神戸製鋼は後半30分、ラインアウトからの攻撃でゴール前へ迫り、途中出場のSOアーロン・クルーデンがインゴールにキックを転がす。それをFB山中亮平が押さえた。ゴールも決まり26-26とした。
その直後のリスタートのキックオフから、NTTドコモも果敢に攻め続けた。フェーズを重ねてノットロールアウェイを誘う。後半34分、バンクスのPGで勝ち越す(29-26)。
残り約5分、NTTドコモはほとんどの時間、ボールを手にし続けた。
反則をしても神戸製鋼のPKが外に出ず、攻撃に転じる。勝利に限りなく近づいた。本当に、あと少しだった。

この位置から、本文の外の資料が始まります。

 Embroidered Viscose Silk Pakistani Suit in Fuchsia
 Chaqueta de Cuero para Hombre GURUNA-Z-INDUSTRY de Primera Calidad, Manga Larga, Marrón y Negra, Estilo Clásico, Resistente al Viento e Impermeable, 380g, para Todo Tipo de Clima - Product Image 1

神戸製鋼の逆転劇は、残り1分を切ったところから始まった。
NTTドコモの重ねるフェーズアタックの途中でボールに絡み、オーバー・ザ・トップを誘う。それをきっかけに相手ゴール前にPKを蹴り込み、最後はモールから途中出場のHO松岡賢太がトライラインに飛び込んだ(ファイナルスコアは31-29で神戸製鋼の勝利)。
ルーキーで殊勲のトライを挙げた松岡は、「初トライがチームの勝利に結びついて良かった」と笑顔を見せた。
「プレッシャーを感じる場面でしたが、リザーブに入った時から、必ずああいう状況でスローすることがあると予測して練習をしてきたので自信を持って投げました」
モールの最後尾で状況を見つめ、機を見て飛び込んだ。
試合終了と同時に、両チームに大きな拍手が送られた。
惜しくも敗れたNTTドコモのバンクスは、「昨年大敗していた試合にも出ていた」と回想し、こんなことを言った。
「勝てると思ったし、勝ったと思った。それでも負けて悔しいけど、終わった瞬間、(チームの進化を感じていたので)喜んでいいのかどうか分からなかった。涙が出そうだった」
この試合の結果により、神戸製鋼のホワイトカンファレンス2位と、NTTドコモの3位が決まった。
レッドハリケーンズが本当に変わったと確信できた80分だった。